The math and computer science departments at the University of Richmond sit in the eastern wing of Jepson Hall, covered with dry-erase board markings that are incomprehensible to many others, and brimming with students, creating a small community on the second floor.

Separated by an invisible line from the Jepson School of Leadership Studies, professors’ doors suspend wide-open as students chat, using the private “computer science majors only” computer lab or the lounge nearby with floor-to-ceiling whiteboards surrounding it.

The dedication from students and professors is there, but something is missing.

With the help of Prateek Bhakta, an assistant professor of computer science who holds a doctorate in computer science from the Georgia Institute of Technology, a chapter of Upsilon Pi Epsilon is in the process of establishing itself at UR.

According to UPE, the purpose of the organization is “to promote the computing and information disciplines and to encourage their contribution to the enhancement of knowledge.”

The organization stated that, though the computing industry is relatively young, there is a growing need for people knowledgeable in the computer science field to keep up with the modern era.

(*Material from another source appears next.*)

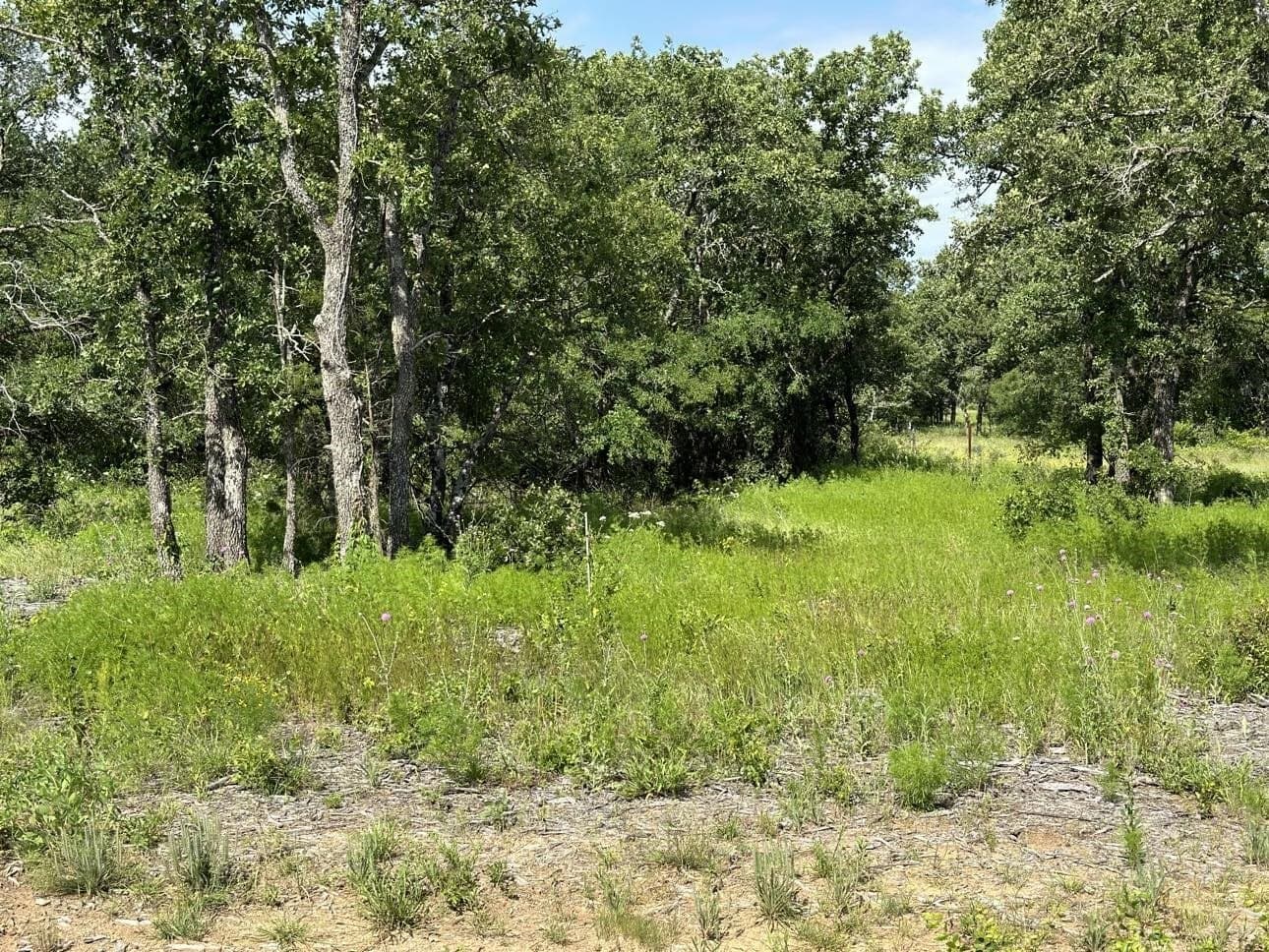 5.24 acres in Palo Pinto County gallery image 2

UPE can help create a higher level of prestige in the computer science department by establishing a chapter at UR with an emphasis on honoring the students who have excelled in the field.

Perhaps even more importantly, the new face of the computer science department, with Bhakta and the fresh perspective of new professors, can bring the current computer science community together.

With approximately 60 to 80 students majoring in the field, it pulls from students who double major or minor in relating disciplines of computer science, Bhakta said.

“We do have a small-knit community, so you’re bound to know almost everyone involved in computer science,” said Michael Le, senior. “A lot of friend groups stem from this interest.”

Le, who is majoring in business administration with a minor in computer science, became the president of UPE after Bhakta emailed eligible candidates in the computer science field. Lauren Toth, junior, and Madeline Shea, sophomore, became co-vice presidents of UPE, and three other members are on the executive board.

The computer science and math departments recently gained many new professors who are in their first, second and third year at UR, helping the department burst with young energy, Bhakta said.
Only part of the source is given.